### WHAT YOU WILL DO
Once the line containing "Traktor Volvo 12420" is found in the data below, repeat it and every later line exactly, leaving the pictures out.
-- LISTED ENTRIES follows --
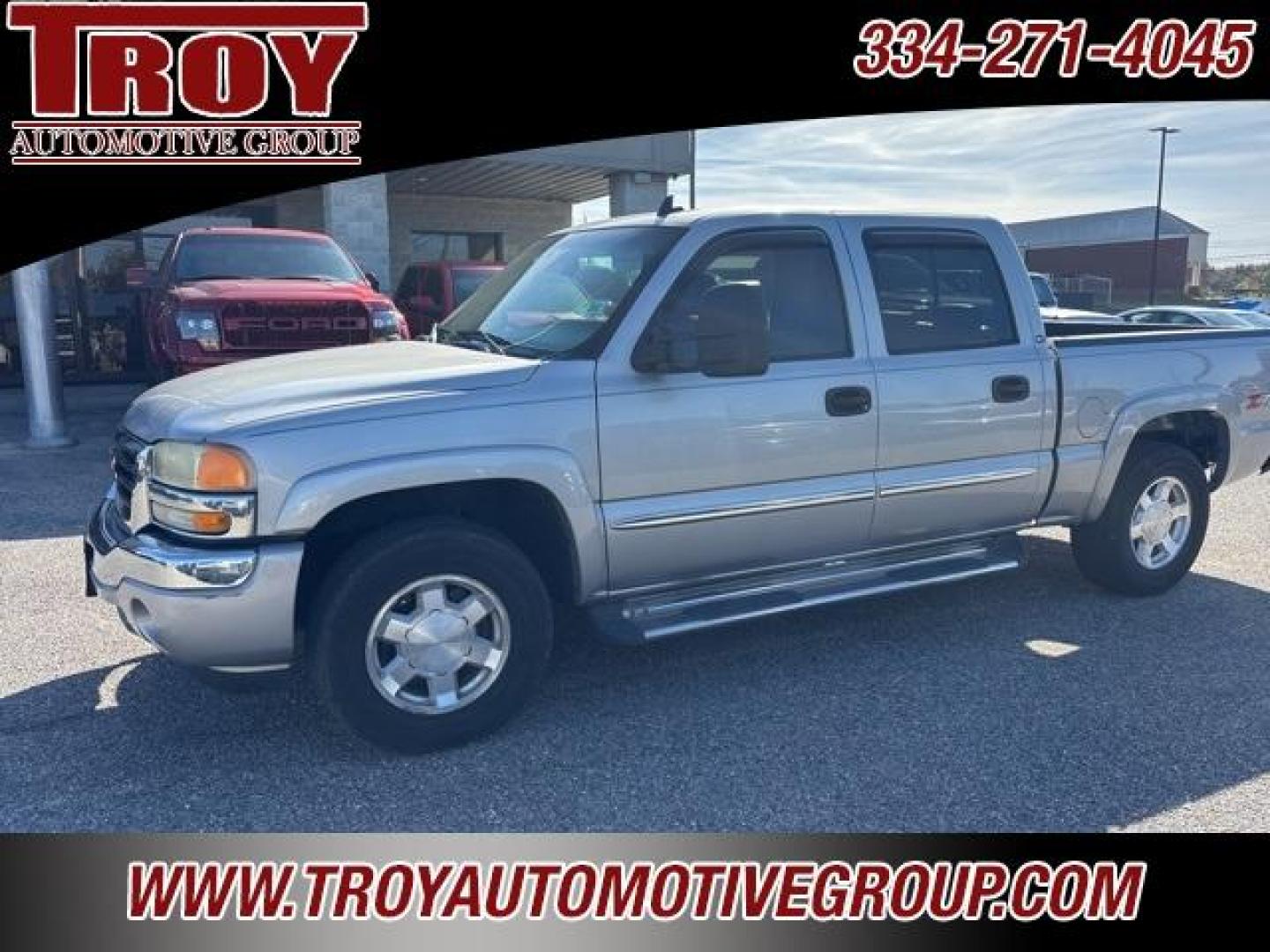 2006 Silver Birch Metallic /Pewter GMC Sierra 1500 SLT (2GTEK13T661) with an Vortec 5.3L V8 SFI engine, Automatic transmission, located at 6812 Atlanta Hwy, Montgomery, AL, 36117, (334) 271-4045, 32.382118, -86.178673 - Recent Arrival! Priced below KBB Fair Purchase Price!<br><br>Silver Birch Metallic 2006 GMC Sierra 1500 SLT 4WD Vortec 5.3L V8 SFI 4-Speed Automatic with Overdrive<br><br>Financing Available---Top Value for Trades. - Photo#11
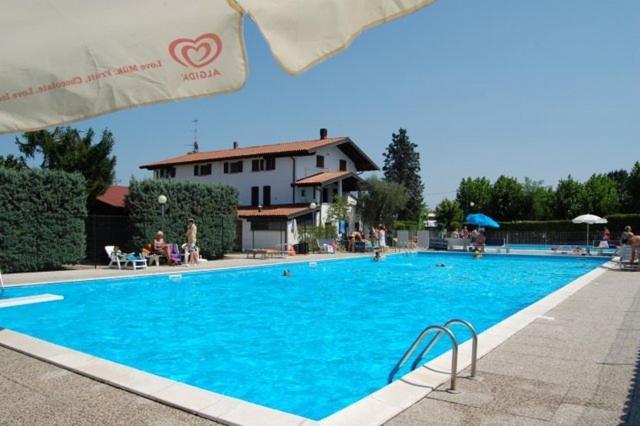 Campeggio Trevisago Iris Park Moniga del Garda Cameră foto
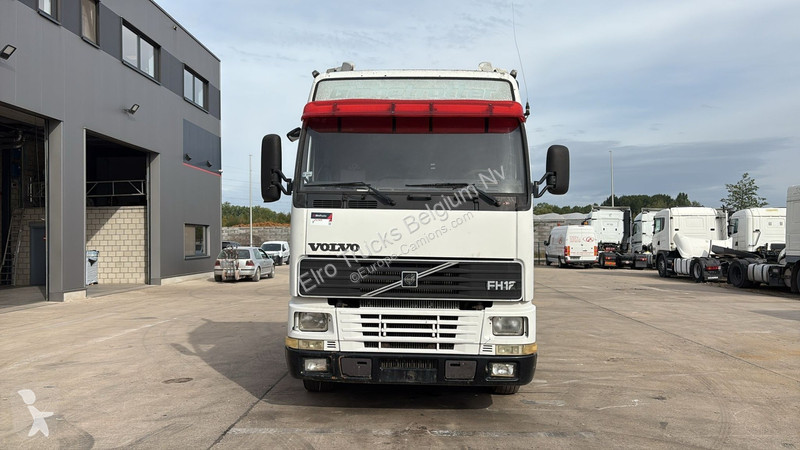 Traktor Volvo 12420 (BOITE MANUELLE / MANUAL...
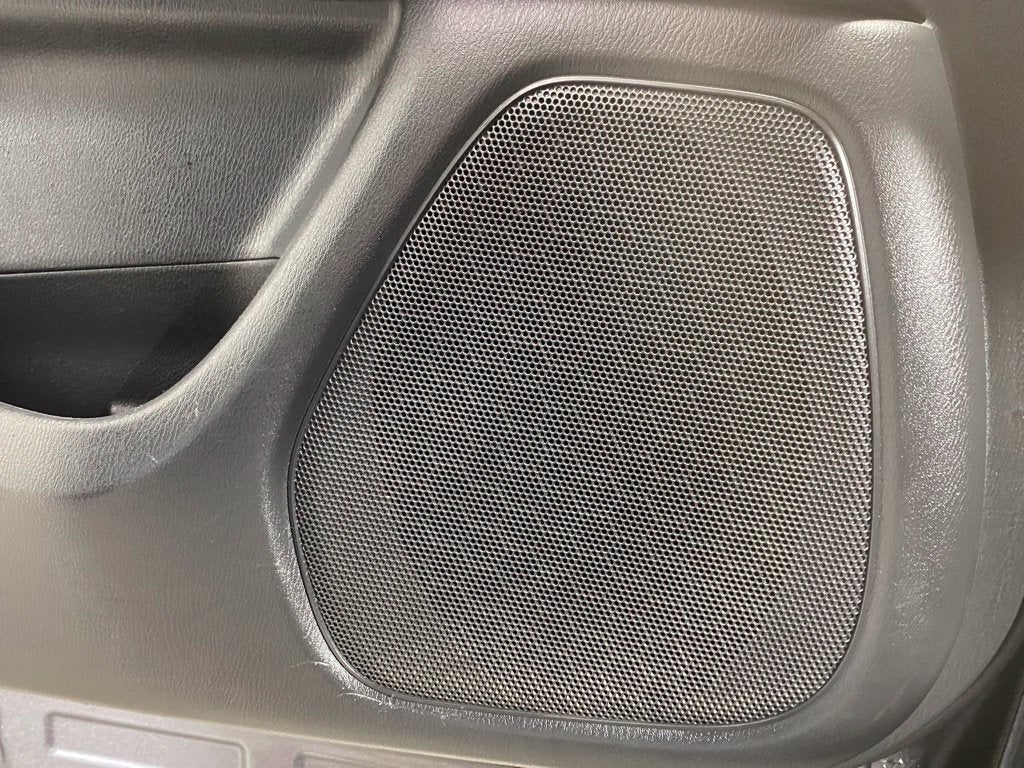 2017 Nissan Pathfinder SV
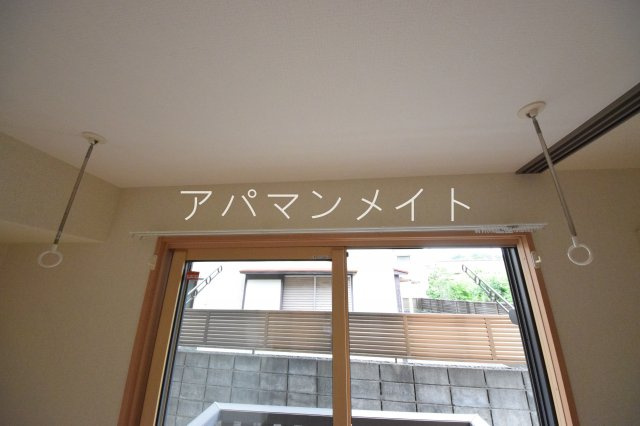 【設備】 | エスポワールⅡ | 便利な室内物干し付き！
-- LISTED ENTRIES concluded --
### REPLY TO THE EXERCISE
 Traktor Volvo 12420 (BOITE MANUELLE / MANUAL...
 2017 Nissan Pathfinder SV
 【設備】 | エスポワールⅡ | 便利な室内物干し付き！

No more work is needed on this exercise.